A Cepheid is a very luminous variable star. It is also a very massive star, 5-20 M☉, with a high luminosity and of a spectral type between F and K. It obeys a strict period-luminosity relationship, whereby it rules that the later the spectral class, the longer its period is. This can be explained by the following: if the mass becomes higher, the luminosity increases and the more extended envelopes it will have. These envelopes have, because they are more extended, a lower density. This causes the period, which is proportional to the inverse square root of the density in the layer, to be longer.
Cepheids are variable because they oscillate between two states. At first there is a compact stage where a large temperature and pressure are build up. This causes the star to expand, causing the pressure gradient to become weaker. In this second stage the gravity is not compensated by the pressure gradient, which causes the star to contract and compress into its compact state.
Because of their strict relation between period and luminosity, Cepheids can be used to determine cosmic distances. If the period is measured and intrinsic brightness is compared with its apparent brightness, the distance to the star can be calculated. The distance to other galaxies, where individual Cepheids can be found, can be determined using these stars.
There are two kind of Cepheid stars. The first type, Type I, are known as Delta Cepheid stars, or classical Cepheids. With a typical period of 5-10 days they are around four times more luminous and metal rich than Type II. Type I is mostly found in the spiral arms of a galaxy. The Type II stars, also known as W Virginis stars, have a typical period of 10-30 days and can be found in globular clusters, galactic halos and elliptical galaxies.
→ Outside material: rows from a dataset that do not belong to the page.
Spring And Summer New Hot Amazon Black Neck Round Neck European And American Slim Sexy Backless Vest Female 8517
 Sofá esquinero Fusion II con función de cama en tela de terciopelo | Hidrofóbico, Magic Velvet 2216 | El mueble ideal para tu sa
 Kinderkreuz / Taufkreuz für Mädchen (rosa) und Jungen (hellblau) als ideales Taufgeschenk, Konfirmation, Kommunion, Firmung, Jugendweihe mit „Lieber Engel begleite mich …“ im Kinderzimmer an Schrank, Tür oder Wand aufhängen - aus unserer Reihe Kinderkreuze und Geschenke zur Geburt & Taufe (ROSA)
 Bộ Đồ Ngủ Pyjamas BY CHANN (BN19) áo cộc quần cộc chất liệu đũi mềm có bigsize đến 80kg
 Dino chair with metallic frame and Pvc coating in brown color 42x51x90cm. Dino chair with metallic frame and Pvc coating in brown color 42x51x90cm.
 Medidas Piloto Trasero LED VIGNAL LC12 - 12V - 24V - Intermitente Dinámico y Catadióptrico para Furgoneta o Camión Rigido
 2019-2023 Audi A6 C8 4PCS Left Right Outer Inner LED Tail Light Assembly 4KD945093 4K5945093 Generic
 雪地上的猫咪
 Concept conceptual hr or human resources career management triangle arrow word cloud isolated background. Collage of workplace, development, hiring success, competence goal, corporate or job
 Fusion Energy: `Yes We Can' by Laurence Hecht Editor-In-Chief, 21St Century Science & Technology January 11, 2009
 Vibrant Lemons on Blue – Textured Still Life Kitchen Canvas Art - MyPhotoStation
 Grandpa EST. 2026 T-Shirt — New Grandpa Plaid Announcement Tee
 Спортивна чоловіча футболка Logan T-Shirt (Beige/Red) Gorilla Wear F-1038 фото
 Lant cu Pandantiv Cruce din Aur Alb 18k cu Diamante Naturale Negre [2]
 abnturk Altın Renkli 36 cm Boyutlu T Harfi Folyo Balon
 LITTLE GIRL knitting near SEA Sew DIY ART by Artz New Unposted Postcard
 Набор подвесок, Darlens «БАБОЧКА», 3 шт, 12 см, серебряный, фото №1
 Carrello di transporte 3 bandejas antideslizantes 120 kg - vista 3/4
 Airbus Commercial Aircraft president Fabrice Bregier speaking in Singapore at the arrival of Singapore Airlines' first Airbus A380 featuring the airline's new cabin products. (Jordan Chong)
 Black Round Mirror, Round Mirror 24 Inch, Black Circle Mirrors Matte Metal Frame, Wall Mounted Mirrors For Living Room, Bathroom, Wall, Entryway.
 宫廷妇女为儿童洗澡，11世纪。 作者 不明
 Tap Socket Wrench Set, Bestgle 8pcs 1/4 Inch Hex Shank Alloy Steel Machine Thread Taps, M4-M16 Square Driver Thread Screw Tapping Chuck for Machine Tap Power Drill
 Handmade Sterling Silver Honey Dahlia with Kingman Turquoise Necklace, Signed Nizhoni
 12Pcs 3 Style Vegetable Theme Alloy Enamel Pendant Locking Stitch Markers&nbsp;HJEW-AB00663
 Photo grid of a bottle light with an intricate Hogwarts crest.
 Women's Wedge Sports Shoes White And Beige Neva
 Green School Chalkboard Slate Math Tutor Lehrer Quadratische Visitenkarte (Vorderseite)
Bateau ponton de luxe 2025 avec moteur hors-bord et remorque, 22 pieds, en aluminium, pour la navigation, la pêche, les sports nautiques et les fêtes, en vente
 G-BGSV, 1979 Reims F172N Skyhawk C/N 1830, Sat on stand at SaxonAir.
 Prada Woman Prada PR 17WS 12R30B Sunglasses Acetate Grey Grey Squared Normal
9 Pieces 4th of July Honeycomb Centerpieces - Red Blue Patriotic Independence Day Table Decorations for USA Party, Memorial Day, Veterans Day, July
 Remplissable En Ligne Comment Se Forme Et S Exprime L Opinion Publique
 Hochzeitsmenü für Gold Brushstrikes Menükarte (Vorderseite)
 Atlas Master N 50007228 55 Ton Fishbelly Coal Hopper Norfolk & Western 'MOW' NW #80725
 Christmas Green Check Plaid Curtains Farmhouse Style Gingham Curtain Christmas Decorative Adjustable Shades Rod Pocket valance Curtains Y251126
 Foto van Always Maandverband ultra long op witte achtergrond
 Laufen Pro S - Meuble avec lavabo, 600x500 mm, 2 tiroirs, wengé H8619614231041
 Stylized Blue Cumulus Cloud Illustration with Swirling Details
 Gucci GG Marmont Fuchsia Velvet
δ-Cep has become the typical Cepheid star, with not only the variable star type named after it, but also the subclass of the Cepheids of which it is a part. Hence that we choose to study this star. We observed the star, after which we reduced the images with IRAF. With this data we could determine the magnitude using the method of Baade-Wesselink.
We measured a magnitude of 3.87, while the official magnitude is 3.7. But since the error margin was 10.5%, it was a very acceptable result.
Since there is a direct relationship between its luminosity and pulsation period, it can be used as a standard candle for establishing galactic and extragalactic distances. The best example of such a variable star is δ-Cep. In this project we determined the magnitude of this star.
In order to determine the magnitude of δ-Cep, we had to observe it first.
, we first studied the theory behind Cepheid stars, then observed δ-Cep and finally used the method of Baade-Wesselink and IRAF to determine the magnitude.
Observation of δ-Cep.
A demonstration of the magnification of the telescope.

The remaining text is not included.